Mistério no regime da Coreia do Norte

Analistas veem na execução do tio do ditador Kim Jong-un uma manobra sem precedentes para consolidação do poder


postado em 14/12/2013 00:12 / atualizado em 14/12/2013 08:56

A execução sumária de Jang Song-thaek, tio do ditador norte-coreano, Kim Jong-un, surpreendeu analistas, provocou pesadas críticas dos Estados Unidos e lançou mais dúvidas em torno do enigmático regime comunista. Especialistas em Pyongyang divergem sobre os impactos da punição a Jang no âmbito da política interna. A agência de notícias sul-coreana Yonhap divulgou fotos nas quais o tio de Kim aparece com as mãos amarradas, em um tribunal militar especial, pouco antes de ser morto.


Casado com a irmã de Kim Jong-il, pai do atual mandatário norte-coreano, Jang ocupava a Vice-Presidência da Comissão de Defesa Nacional, a instância mais poderosa do país. Segundo a agência local KCNA, ele tentou “minar o Estado com todo tipo de intriga e métodos depreciáveis, e (mostrou) uma ambição selvagem por tomar o poder supremo do nosso partido (dos Trabalhadores) e do Estado”. A morte de Jang poderia indicar a consolidação de Kim Jong-un como déspota, reforçando seu controle absoluto, ou denunciar um governo instável, o que abriria espaço para dissidências e conspirações.


Washington reagiu com preocupação. “Se for confirmada (a execução de Jang Song-thaek), é outro exemplo da brutalidade extrema do regime da Coreia do Norte”, afirmou a porta-voz do Departamento de Estado Marie Harf. Na segunda-feira, quando Kim demitiu o tio, a presidente da Coreia do Sul, Park Geun-hye, referiu-se ao regime do país vizinho como um “reinado do terror”. “A Coreia do Norte está envolvida num reinado do terror, realizando uma limpeza em larga escala, a fim de fortalecer o poder de Kim Jong-un. As relações entre o Sul e o Norte podem se tornar mais instáveis”, advertiu. Enquanto Tóquio teme a radicalização de Pyongyang, Pequim adota o silêncio: os chineses consideram a execução um “tema doméstico”. Jang mantinha altos contatos com a China.


A KCNA assegurou que a corte militar examinou os crimes de Jang, que “foram provados no decorrer da audiência e admitidos” pelo réu. “É uma obrigação elementar do ser humano retribuir a confiança com senso de obrigação e benevolência com lealdade. No entanto, a desprezível escória humana Jang, que foi pior do que um cão, praticou atos de traição”, comentou o governo. Diretor do Centro para Estudos Coreanos da Columbia University (em Nova York), Charles K. Armstrong afirmou que a intenção de Pyongyang foi indicar que Kim Jong-un segue no controle absoluto do país. “É provável que Kim tenha pensado que o tio acumulava poder demais por conta própria e, por isso, precisava ser detido”, explica. “Talvez Kim temesse que Jang ficasse forte o bastante para usar o sobrinho como fantoche. E tentou impedir que isso ocorresse, removendo-o e substituindo-o por partidários.”

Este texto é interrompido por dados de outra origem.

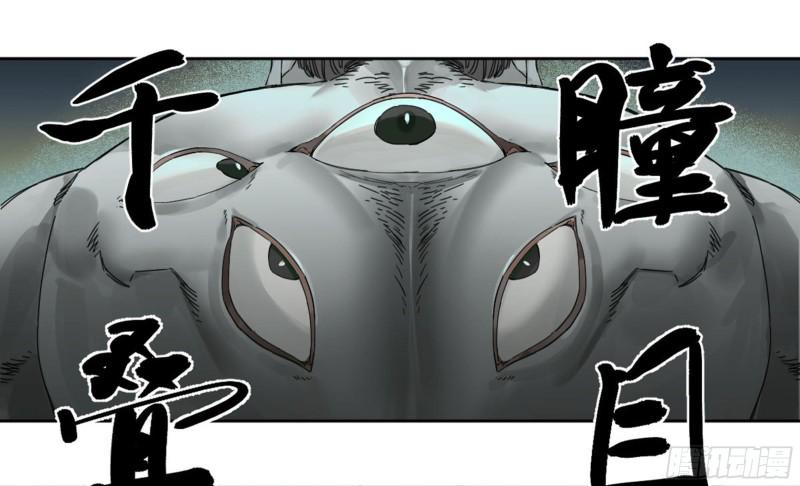 传武韩漫全集-第二卷加更 117山那边的僧人无删减无遮挡章节图片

Michael Madden, editor do site NK Leadership Watch, lembra que, mesmo depois de ser demitido, no domingo, o tio de Kim continuava sendo uma ameaça à autoridade do ditador. “Jang era um dos poucos membros da liderança do país que poderiam perseguir um golpe bem-sucedido. A execução dele envia uma mensagem de alerta às elites norte-coreanas sobre o risco de desafiar Kim. Mas ainda é preciso apurar se essa medida significa força ou fraqueza”, comentou, em entrevista por e-mail. Para o especialista, a China foi pega desprevenida com a demissão e execução de Jang. “Existe a possibilidade de que membros da cúpula de Pequim tenham apoiado Jang em confrontar Kim”, disse.

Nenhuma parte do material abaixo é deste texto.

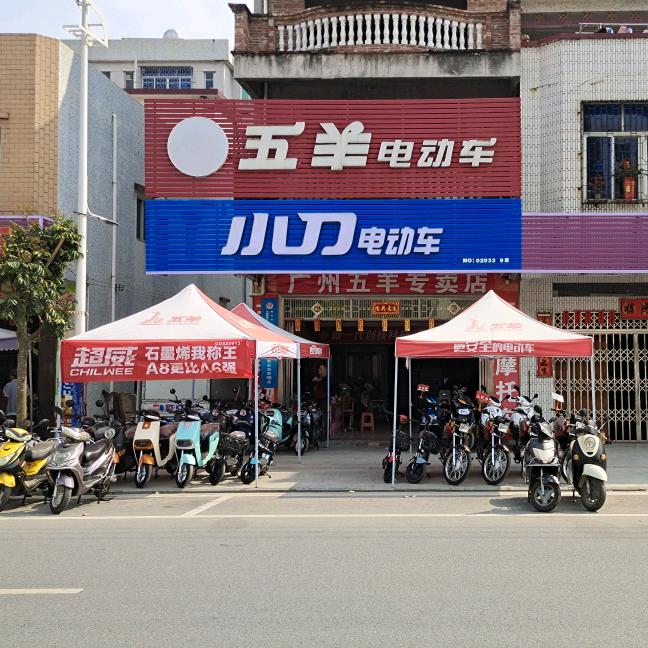 新兴天堂镇五羊电动车摩托车行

Segundo o britânico-coreano Sokeel Park, diretor de pesquisa da ONG Liberty in North Korea (Link), a execução transformada em propaganda não tem precedentes na história da Coreia do Norte. “A mensagem pública foi desenhada para mostrar que o poder absoluto de Kim não pode ser desafiado. Nas entrelinhas, ela revelou fraqueza e divisão no mais alto nível do regime. Um indicador de que o ditador tem sido ineficiente em gerenciar a competição interna e a política de facções”, disse.

 

A palavra-chave

O acerto de contas a ponta de sabre na Coreia do Norte apenas acrescenta variáveis no cenário instável de uma área especialmente crítica. A execução do tio de Kim Jong-un, com enredo um tanto shakespereano, se sobrepõe às tensões diplomático-militares entre China, Japão e Coreia do Sul, que mobilizam forças em torno de um punhado de ilhas e uma rocha submersa – um litígio entre muitos nas águas revoltas do Pacífico. Instabilidade, por sinal, é a palavra-chave para descrever não apenas a reclusa semimonarquia comunista, ainda aos solavancos na transição para a terceira geração da dinastia Kim. O jovem Jong-un é ainda uma incógnita para os vizinhos e demais interessados, como Estados Unidos e Rússia. O futuro de um Estado militarizado até a medula e dotado de arsenal nuclear inquieta de imediato a outra metade da Península Coreana, onde a primeira mulher a chefiar o governo apenas começa a exercitar sua liderança. Também a China emite sinais de que a ascensão de Xi Jingping é algo mais que uma troca de nomes. E a demonstração ostensiva de poderio aéreo e naval não se confina à zona de defesa recém-proclamada por Pequim: a mensagem é de que uma nova potência está em campo. Sobram variáveis em uma equação que desafia os cálculos dos estrategistas. (Silvio Queiroz)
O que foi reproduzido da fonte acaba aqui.